Public Domain Neal Herbert
In 2015, Florida held its first bear hunt in over 20 years. The Florida Fish and Wildlife Conservation Commission (FWC) considered the hunt to be a necessary tool for curbing Florida’s growing black bear population, but the hunt did not go exactly as planned. FWC sold 3,776 hunting permits, and its 2015 Summary Report shows that 304 bears were killed in just two days. Although hunters did not exceed the overall statewide harvest objective of 320 bears, bears were over-hunted in two of the four designated hunting regions, referred to as Bear Management Units. In the East Panhandle, 114 bears were killed despite a harvest objective of only 40 bears, and in Central Florida, 143 bears were killed instead of the expected harvest of 100 bears.
Furthermore, despite regulations that bears with cubs could not be targeted, FWC allowed both male and female bears to be hunted. Controversy arose when the commission discovered that a majority of the bears killed were females and that of those females, 21% were lactating. FWC justified these statistics, stating that most bear cubs would be at least 8 months old at the time of the hunt and that orphaned cubs are generally able to survive on their own at that age.
After a controversial hunt last year, the commission has spent the past several weeks debating whether or not to hold another hunt in 2016. Many animal-rights activists and conservationists oppose bear hunting, arguing that it puts black bear populations in danger. The Florida black bear was considered an endangered species until 2012, and opponents of the hunt worry that progress might be reversed if hunting is promoted.
Those in favor of the hunt argue that bear populations need to be controlled as there are 4,350 black bears in Florida today, compared to several hundred in the 1970s when the species was first declared endangered. With this rise in population also comes a rise in bear-human conflict. According to The Palm Beach Post, the number of bears killed by vehicles has increased sevenfold from 1990 to 2015. In addition, only 99 phone calls concerning bears were made to FWC in 2000 as compared to a staggering 6,094 phone calls in 2015.
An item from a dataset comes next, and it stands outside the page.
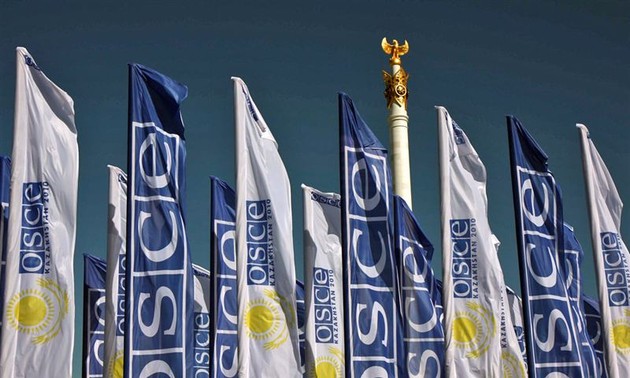 俄罗斯宣布支持OSCE向乌克兰派出观察团的决定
On Wednesday, FWC heard addresses from over 80 people concerning the hunt. After several hours of deliberation, the commission voted to postpone black bear hunting for the rest of the year by a slim margin of 4-3. In a news release on the agency’s website, Nick Wiley, the executive director of FWC, explained the decision.
Although hunting has been demonstrated to be a valuable tool to control bear populations across the country, it is just one part of FWC’s comprehensive bear management program. I am proud of our staff who used the latest, cutting-edge, peer-reviewed science to develop a recommendation for our Commissioners to consider. Our agency will continue to work with Floridians, the scientific community and local governments as our focus remains balancing the needs of Florida’s growing bear population with what’s best for families in our state.
With the anti-hunt vote now finalized, FWC has promised to employ purely nonlethal methods of reducing bear-human conflict this year. Using its budget of $825,000, the commission hopes to promote bear safety programs in communities statewide, including the addition of bear-proof trashcans in areas that are particularly affected by the animal. The agency recently hired additional staff members who focus on bear management and has also funded scientific studies on Floridian bear populations. The commission will hold another vote in 2017 to determine if bear hunting should be reintroduced next year.